→ What you need to do
Copy out each line of the data that holds the string "legs".

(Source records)
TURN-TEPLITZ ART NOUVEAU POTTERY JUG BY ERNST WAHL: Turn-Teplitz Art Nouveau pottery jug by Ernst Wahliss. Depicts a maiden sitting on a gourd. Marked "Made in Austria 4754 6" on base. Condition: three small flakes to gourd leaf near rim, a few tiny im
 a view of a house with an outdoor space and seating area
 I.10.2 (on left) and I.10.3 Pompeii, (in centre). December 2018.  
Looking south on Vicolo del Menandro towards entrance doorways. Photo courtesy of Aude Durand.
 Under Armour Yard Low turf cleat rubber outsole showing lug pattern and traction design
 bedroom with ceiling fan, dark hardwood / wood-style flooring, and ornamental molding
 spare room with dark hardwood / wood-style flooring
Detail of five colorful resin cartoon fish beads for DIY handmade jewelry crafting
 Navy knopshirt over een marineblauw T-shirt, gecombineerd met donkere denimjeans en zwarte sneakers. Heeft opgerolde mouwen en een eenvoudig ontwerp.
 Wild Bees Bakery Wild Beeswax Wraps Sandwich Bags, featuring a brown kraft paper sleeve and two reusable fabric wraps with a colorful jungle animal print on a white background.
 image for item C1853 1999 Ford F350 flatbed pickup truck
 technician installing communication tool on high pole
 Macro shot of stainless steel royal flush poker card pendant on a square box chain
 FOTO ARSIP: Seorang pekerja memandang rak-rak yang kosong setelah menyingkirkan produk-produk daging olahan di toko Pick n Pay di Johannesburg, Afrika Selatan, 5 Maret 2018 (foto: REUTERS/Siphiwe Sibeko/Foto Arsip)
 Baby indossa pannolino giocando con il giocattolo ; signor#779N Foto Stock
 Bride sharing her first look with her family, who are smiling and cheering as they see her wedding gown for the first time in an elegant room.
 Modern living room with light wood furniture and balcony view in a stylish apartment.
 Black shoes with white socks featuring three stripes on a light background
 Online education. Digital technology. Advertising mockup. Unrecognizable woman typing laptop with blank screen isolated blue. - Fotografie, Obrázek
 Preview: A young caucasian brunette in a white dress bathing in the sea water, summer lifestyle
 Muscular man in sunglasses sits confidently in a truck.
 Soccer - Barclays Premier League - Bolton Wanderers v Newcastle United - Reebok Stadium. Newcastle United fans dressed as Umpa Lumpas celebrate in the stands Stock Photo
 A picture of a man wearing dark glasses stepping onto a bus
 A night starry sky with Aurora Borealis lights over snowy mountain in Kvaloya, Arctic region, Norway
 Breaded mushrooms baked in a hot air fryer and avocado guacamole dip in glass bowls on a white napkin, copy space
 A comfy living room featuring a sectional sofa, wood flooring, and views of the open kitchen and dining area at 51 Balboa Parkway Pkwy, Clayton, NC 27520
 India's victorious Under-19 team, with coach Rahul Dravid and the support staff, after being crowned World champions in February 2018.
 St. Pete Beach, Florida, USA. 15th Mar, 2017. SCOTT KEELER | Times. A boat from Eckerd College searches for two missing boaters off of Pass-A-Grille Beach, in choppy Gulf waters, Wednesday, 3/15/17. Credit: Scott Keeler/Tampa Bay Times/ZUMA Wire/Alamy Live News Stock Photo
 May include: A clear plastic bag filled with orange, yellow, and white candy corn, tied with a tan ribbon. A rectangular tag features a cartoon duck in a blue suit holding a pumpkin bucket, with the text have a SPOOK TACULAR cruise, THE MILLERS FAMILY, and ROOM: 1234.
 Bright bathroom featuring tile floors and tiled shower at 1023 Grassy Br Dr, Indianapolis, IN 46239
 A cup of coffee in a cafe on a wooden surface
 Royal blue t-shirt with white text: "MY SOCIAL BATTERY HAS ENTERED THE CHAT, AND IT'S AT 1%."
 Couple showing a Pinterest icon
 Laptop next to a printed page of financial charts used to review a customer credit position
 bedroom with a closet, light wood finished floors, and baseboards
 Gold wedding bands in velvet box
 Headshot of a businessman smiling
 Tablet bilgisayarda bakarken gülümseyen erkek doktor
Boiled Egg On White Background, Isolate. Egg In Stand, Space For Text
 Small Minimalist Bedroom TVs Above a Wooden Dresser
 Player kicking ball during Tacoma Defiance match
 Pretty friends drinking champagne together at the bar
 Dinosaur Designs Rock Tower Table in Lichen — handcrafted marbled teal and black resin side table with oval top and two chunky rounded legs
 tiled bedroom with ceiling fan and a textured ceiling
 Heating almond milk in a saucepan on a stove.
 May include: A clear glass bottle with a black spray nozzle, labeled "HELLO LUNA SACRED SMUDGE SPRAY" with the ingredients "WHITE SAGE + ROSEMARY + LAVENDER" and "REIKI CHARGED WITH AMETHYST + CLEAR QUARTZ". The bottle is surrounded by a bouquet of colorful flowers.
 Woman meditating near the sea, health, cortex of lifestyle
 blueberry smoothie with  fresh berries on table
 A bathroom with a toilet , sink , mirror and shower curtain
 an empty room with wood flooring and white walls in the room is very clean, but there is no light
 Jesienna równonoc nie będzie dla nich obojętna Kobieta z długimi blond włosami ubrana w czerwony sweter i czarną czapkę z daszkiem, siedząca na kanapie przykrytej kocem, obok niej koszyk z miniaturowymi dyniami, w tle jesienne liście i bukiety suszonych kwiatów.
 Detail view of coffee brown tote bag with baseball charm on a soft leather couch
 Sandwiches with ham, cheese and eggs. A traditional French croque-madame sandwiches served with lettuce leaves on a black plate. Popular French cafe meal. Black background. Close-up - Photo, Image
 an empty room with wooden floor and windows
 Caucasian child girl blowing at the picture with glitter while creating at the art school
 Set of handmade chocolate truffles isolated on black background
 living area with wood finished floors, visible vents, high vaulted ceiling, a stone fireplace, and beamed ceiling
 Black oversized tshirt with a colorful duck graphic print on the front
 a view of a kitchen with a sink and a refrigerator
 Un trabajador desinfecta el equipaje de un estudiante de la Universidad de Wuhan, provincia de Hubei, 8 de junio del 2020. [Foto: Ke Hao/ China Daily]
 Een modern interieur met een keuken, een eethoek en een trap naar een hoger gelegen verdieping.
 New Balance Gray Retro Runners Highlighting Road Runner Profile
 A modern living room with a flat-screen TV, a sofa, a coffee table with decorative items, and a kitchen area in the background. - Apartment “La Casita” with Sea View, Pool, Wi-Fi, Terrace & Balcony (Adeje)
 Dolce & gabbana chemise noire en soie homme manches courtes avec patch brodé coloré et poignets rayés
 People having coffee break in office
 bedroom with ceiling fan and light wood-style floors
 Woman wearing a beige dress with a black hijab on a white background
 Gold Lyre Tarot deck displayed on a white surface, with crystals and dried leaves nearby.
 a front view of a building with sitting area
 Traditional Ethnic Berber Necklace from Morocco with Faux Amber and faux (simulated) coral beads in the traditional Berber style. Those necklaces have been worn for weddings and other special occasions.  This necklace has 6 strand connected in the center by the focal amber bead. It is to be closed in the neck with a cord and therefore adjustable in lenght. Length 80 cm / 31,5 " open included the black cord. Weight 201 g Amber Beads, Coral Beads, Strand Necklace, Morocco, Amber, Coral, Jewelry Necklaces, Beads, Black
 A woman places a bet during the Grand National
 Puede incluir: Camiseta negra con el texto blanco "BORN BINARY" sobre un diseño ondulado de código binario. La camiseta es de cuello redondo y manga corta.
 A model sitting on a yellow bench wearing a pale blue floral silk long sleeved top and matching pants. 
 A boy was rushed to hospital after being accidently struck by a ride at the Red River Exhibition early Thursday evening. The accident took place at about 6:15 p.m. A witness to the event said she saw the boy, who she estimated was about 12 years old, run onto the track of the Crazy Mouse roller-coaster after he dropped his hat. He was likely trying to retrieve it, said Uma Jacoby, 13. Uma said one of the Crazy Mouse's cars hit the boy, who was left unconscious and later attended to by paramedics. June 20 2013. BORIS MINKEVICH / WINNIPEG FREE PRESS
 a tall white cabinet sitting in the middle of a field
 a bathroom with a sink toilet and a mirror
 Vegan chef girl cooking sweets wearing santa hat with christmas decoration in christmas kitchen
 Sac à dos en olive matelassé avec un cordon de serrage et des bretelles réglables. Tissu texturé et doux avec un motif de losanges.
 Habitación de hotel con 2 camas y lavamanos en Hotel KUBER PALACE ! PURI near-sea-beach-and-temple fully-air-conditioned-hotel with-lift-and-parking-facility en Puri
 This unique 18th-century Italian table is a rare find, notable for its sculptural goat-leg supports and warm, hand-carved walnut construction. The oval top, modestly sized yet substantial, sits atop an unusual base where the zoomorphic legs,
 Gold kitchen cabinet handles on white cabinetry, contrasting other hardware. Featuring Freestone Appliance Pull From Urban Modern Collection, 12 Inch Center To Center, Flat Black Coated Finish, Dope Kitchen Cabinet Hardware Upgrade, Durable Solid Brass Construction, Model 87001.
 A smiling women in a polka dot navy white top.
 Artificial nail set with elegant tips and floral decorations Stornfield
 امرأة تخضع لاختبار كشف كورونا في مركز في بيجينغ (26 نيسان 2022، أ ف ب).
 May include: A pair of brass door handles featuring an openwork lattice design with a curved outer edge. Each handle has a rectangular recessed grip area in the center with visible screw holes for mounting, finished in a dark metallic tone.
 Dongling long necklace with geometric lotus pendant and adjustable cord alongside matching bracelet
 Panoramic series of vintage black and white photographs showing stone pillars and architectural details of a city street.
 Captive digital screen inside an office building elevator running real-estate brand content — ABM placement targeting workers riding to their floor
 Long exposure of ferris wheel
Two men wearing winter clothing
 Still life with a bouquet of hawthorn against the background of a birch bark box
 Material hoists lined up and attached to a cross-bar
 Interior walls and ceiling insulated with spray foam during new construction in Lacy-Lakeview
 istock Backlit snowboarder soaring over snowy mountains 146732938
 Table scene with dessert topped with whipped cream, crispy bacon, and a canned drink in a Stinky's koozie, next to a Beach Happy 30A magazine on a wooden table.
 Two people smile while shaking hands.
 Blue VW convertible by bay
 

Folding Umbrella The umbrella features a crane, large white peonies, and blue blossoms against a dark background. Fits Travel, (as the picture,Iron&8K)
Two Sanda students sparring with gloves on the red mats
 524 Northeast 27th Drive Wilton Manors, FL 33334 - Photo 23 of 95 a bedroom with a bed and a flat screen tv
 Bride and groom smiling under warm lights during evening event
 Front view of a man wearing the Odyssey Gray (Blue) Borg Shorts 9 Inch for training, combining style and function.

→ Output
 Dinosaur Designs Rock Tower Table in Lichen — handcrafted marbled teal and black resin side table with oval top and two chunky rounded legs
 This unique 18th-century Italian table is a rare find, notable for its sculptural goat-leg supports and warm, hand-carved walnut construction. The oval top, modestly sized yet substantial, sits atop an unusual base where the zoomorphic legs,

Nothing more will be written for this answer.